Nov 22, 2006
Almost six years since the Internet bubble burst, new media is all the rage again judging from the recent stock performance of a couple of behemoths: Google Inc. and Apple Computer Inc.
On Tuesday, shares of each soared to all-time highs, and the Nasdaq closed at its highest level in more than five years, though the tech-heavy index does that fairly often nowadays.
Google, enjoying its widening lead in the surging Internet search-word advertising business, saw its shares leap 3% to $509.65, busting through the $500 threshold just a year after doing it similarly to the $400 level. Not bad for a company that went public in August 2004 at $85.
Google was the top advancer Tuesday on The Hollywood Reporter's Showbiz 50, while Apple's nearly 2.5% run-up was second on the index.

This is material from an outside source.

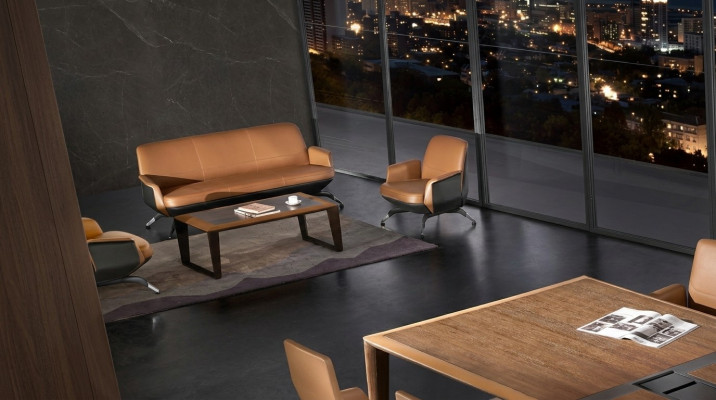 Modern Sofa Garnitur Canapé Sofa Garnituren Grupp 3+1 Plazen Ledersofa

Apple, meanwhile, is benefiting from the popularity of its music-industry combo play of iPod and iTunes. Observers have been estimating that Apple will sell about 14 million iPods in the current quarter. American Technology Research analyst Shaw Wu is predicting that an iPhone -- with iTunes and text-messaging capabilities -- is being readied for the market.
Apple shares rose 2.5% on Tuesday to $88.60. The stock has risen about elevenfold in three years. Back then, when its shares traded for just $7 apiece, Apple was seen as a second-tier computer maker, not the pioneering company that would alter the landscape of digitally delivered music and, perhaps someday, video.

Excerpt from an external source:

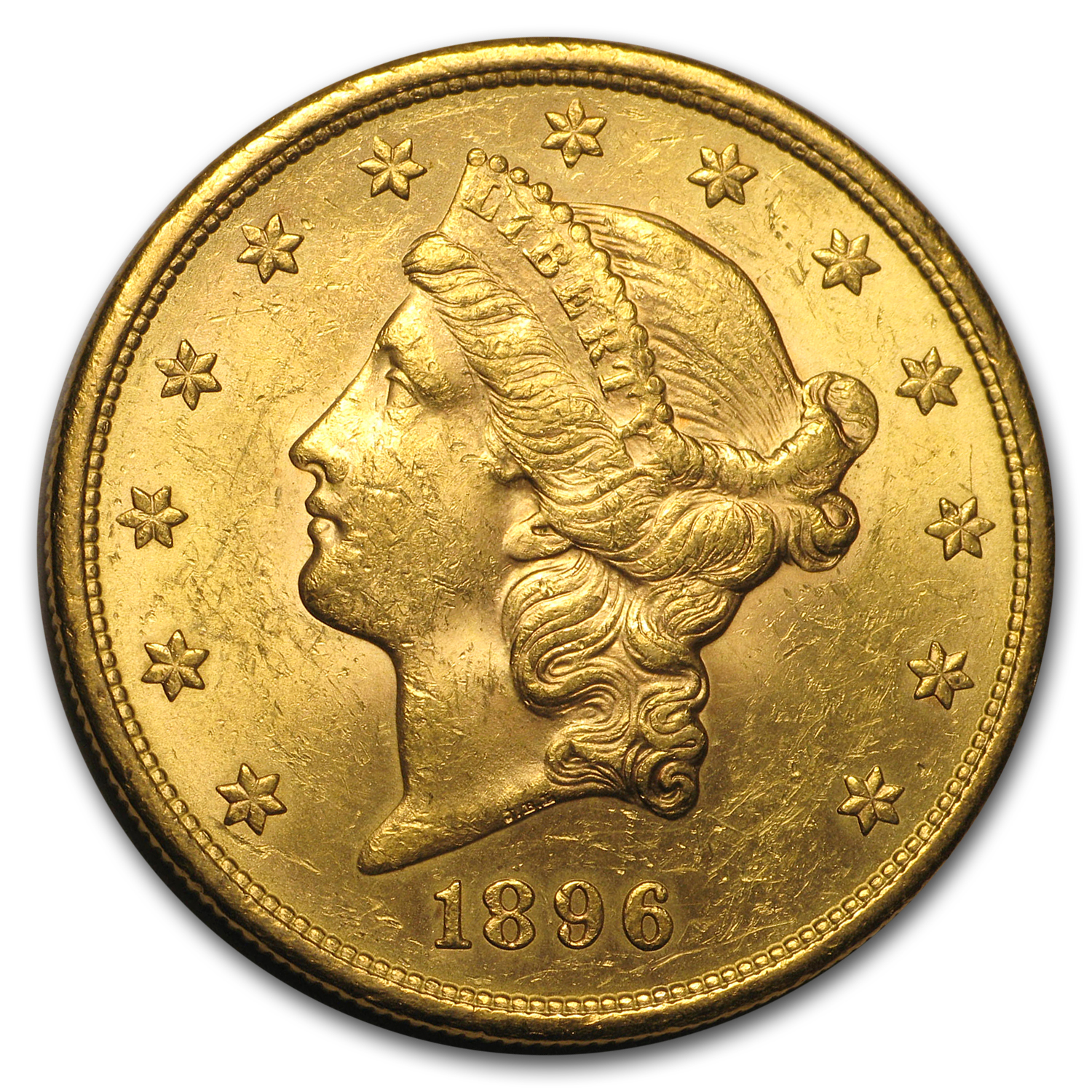 Buy 1896-S $20 Liberty Gold Double Eagle AU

In 2003, when iTunes launched, $25 million worth of songs in the U.S. were digitally downloaded, legally, from the Internet. This year it will be $693 million, and by 2010 about $1.7 billion, according to PricewaterhouseCoopers, and Apple is by far the undisputed leader in the category.
Some have theorized that the ascent of Apple's shares in just the past few days might also be attributed to slower-than-expected sales of Zune, the just-released Microsoft Corp. product that competes with the iPod. If that's the case, though, it doesn't seem to be hurting Microsoft too much, as that company's shares also are hovering near a 52-week high.
That shares of Google, Apple and Microsoft have been on fire since about mid-summer doesn't surprise professional investors.
"Contrary to popular belief, they don't compete against each other," said Cody Willard, a hedge fund manager who owns shares of all three. "They compete against the physical world. And they're all going to continue taking huge market share."
Perhaps that's why, as of Tuesday, Google sported a market capitalization of $156 billion, larger than that of Time Warner Inc. and the Walt Disney Co. combined. Apple's market cap was $75.7 billion, $10 billion more than Disney but about $7 billion less than Time Warner.
Naturally, not all new-media companies are enjoying stock surges. Many that are seen as competitors to Google and Apple -- in one way or another -- have seen their share prices significantly lag.
Yahoo! Inc., a Google competitor, saw its stock rise 1.6% on Tuesday to $27.14, though that's far from its 52-week high of $43.66 and nowhere near the $100 mark it traded at six years ago.
Likewise, shares of Napster Inc., an Apple competitor, have been in a funk for a couple of years, lifted only recently by word that the company might be for sale. Its shares sunk 1% on Tuesday to $3.01, off from a 52-week high of $5.10.
Satellite radio stocks, which often are lumped into the digital-music category that Apple dominates, also have just recently bounced off the bottom of their yearlong trading ranges. Sirius Satellite Radio shares closed down 1.2% on Tuesday to $3.97, well off a 52-week high of $7.98. XM Satellite Radio stock rose 1% on Tuesday to $14.62, down from a 52-week high of $32.
Because of its seemingly lofty price, Google, more so than Apple, is sometimes pilloried as a bit bubbly. Although unlike that era more than a half-dozen years ago when investors couldn't get enough Internet stocks regardless of price, Google shares trade for a reasonable 41 times the company's estimated 2007 earnings, according to Citigroup analyst Mark Mahaney.
In fact, because of climbing profit expectations, "Google has actually become less expensive over the past 12 months," Mahaney said.
Mahaney has a $600 price target on Google shares, which would make it about a $190 billion company, about $5 billion more than the combined worth of Time Warner, Yahoo! and Disney, based on Tuesday's closing prices.
The analyst seems particularly bullish on Google's work in "behavioral targeting" of online ads, whereby more ads are served to Internet surfers who have a history of clicking on them as opposed to those who routinely ignore them.
"If successful, we believe this initiative could positively impact click-through rates on Google," Mahaney said.